- I posted a meme on FB a while back that has a bunch of words misspelled -- errors like "could of" instead of "could've," that kind of thing. One of my friends LOL'd it and commented that for me to read that must be like someone with perfect pitch listening to a tone-deaf person sing. Oh, my goodness . . . nailed it.
- Speaking of memes, my husband and I were just commenting on that word yesterday: meme. What a weird word it is. Wondering where in the world it came from. Amazed that it has suddenly become such a commonly used term when it seemed to come out of nowhere a couple years ago.
- And not only is a texting term like "LOL" common in everyday usage anymore, but I just used it as a verb. Language evolution is fascinating.
- I rarely get to choose the literature I teach in my English classes, and I've decided I don't really want that responsibility. Do you know how much literature there is out there? Good, meaningful, influential, classic literature? A whole heck of a lot. Even though I'm given the curriculum to teach at my school, I get to choose what my homeschooled daughter reads for English, and sometimes it's overwhelming. I want her to read everything.
- "Theme" is one of the story elements that I teach in my literature classes, and the definition we give for it is "the statement about life that an author wants to convey in his/her story." Only that's not entirely accurate . . . because sometimes the theme isn't necessarily a statement. It's just a topic. The story addresses the theme of "conformity," but the author may not be making a clear statement about that topic as much as just wanting us to think more about it.
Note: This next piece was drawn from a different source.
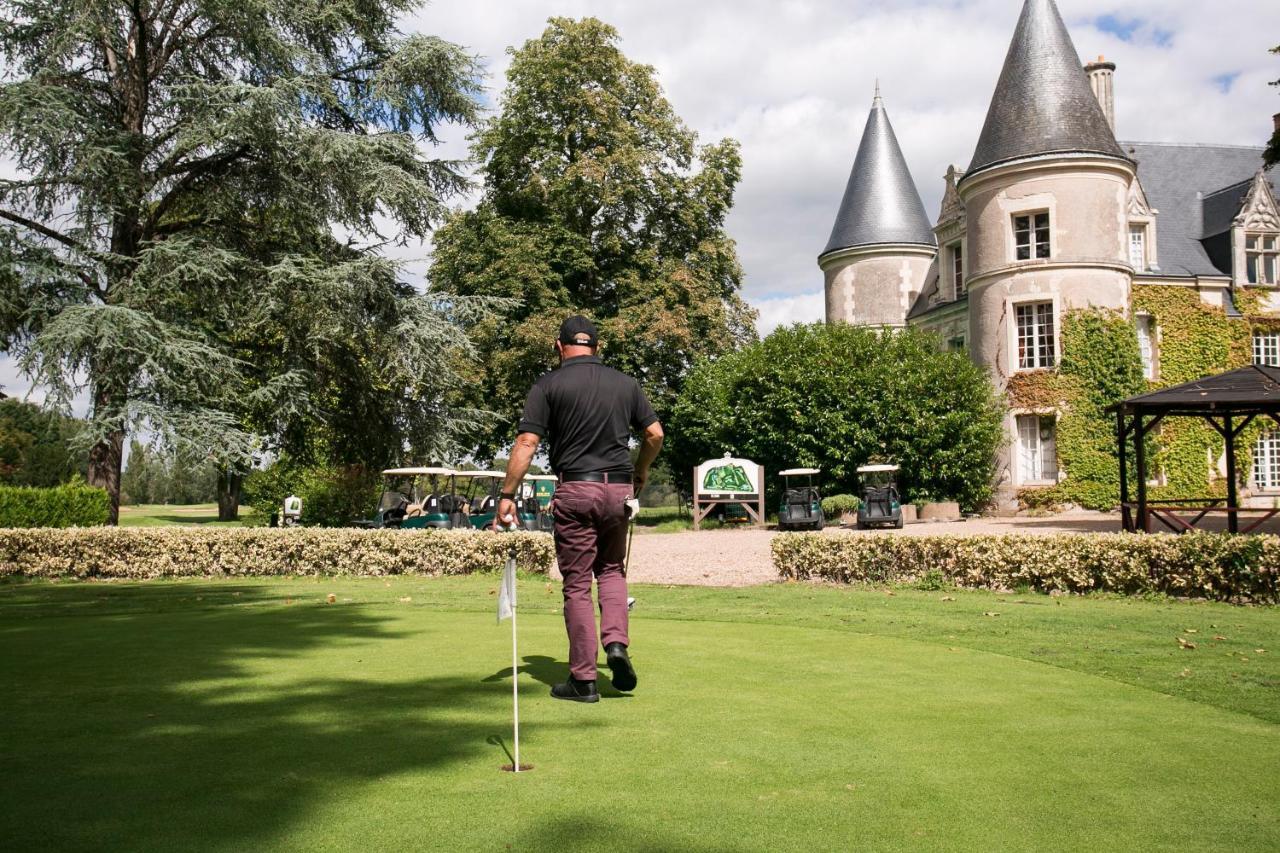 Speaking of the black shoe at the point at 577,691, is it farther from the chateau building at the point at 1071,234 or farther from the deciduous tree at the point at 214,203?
the chateau building at the point at 1071,234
And sometimes an author writes something with no particular "theme" in mind at all -- just writing a good story. Nevertheless, if it is a good story, we readers find a theme. Because this is one of the aspects of our being made in the image of God -- this ability and need to search for meaning.
- I emphasized (with italics) the modifier good with regards to a story. Not all stories are good. And by that, I don't mean that not all stories are entertaining or enjoyable. Those factors are a matter of personal preference, really. But I think we can come up with criteria for what makes a story good, or at least better than another. I don't know what that definition is . . . but I heard one a while back that I thought was a good start to the conversation anyway: good stories, even if they are fictional stories, are TRUE. They express truth. They show us truth. Even if that truth is the ugliness of reality.
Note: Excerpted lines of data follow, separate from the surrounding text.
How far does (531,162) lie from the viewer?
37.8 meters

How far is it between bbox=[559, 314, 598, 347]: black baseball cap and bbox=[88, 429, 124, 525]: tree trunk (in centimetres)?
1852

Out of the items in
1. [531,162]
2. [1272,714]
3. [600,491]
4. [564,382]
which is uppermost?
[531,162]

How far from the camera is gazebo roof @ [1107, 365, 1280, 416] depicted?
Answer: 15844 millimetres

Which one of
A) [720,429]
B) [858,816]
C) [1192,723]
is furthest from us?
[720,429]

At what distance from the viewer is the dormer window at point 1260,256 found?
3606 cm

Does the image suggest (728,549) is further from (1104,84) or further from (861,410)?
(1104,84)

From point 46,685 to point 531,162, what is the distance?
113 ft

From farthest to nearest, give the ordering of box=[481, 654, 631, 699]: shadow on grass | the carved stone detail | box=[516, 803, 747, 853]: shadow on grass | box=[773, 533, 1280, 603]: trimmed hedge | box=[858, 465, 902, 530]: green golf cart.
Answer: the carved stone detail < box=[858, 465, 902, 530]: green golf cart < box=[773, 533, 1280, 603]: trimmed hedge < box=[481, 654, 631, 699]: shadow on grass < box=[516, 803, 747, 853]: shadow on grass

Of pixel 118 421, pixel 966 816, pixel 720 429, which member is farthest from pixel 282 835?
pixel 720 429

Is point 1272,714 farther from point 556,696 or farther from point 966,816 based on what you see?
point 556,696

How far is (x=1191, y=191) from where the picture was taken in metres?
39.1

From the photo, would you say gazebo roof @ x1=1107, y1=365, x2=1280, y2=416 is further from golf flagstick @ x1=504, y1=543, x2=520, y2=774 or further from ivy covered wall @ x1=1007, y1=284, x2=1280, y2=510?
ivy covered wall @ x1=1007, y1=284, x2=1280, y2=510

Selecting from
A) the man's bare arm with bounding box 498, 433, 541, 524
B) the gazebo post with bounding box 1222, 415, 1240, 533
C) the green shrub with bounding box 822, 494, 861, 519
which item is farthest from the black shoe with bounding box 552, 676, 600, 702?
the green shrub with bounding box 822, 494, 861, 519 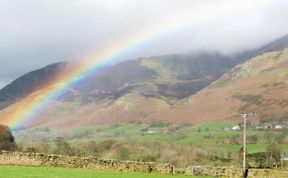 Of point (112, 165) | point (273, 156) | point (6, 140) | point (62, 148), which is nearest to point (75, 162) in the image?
point (112, 165)

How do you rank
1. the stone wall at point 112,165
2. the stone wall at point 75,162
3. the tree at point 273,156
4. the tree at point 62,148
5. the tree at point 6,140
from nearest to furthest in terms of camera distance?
the stone wall at point 75,162
the stone wall at point 112,165
the tree at point 6,140
the tree at point 62,148
the tree at point 273,156

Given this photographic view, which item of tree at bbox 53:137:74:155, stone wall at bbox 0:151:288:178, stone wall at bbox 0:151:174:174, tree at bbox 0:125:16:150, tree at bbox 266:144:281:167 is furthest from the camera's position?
tree at bbox 266:144:281:167

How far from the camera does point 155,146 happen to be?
538ft

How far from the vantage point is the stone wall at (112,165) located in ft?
168

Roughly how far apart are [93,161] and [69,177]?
61.2 ft

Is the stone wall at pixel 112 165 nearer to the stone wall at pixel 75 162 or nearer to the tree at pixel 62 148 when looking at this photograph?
the stone wall at pixel 75 162

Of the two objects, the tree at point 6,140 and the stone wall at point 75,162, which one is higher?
the tree at point 6,140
- Good stories must have some universal appeal about them, too. Something that rings true in all people, whatever culture they come from.
- An old friend once talked about a play (and therefore, a story) having value if there is a redemptive quality to it. I like that, too.
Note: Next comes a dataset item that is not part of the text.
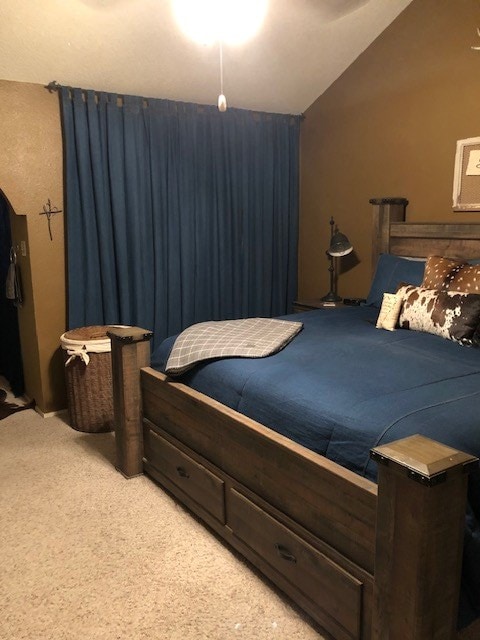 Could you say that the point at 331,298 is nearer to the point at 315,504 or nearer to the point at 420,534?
the point at 315,504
- When I taught public school twenty-some years ago, every year, I had some smart aleck kid who would declare that literature can mean anything you want it to mean. This declaration usually came sometime in January or February, which was handy because it would be cold enough for me to have my winter coat in the classroom. I would ask my students what color my coat was. Some would say green, some blue, some greenish-blue, some blueish-green, some teal, some aqua . . . we even sometimes discussed how next to a blue wall it would look more green and next to a green wall it would look more blue. I explained to them that any of those answers could be correct, depending on your perspective, your background, your prior knowledge and vocabulary . . .
But if anyone said my coat was hot pink, that was WRONG. Just because there may be more than one acceptable answer to a question doesn't mean any answer is acceptable.
And yes, that shut the smart alecks up, believe it or not. I should've kept that coat just for those purposes. Too many smart alecks in our world need shutting up.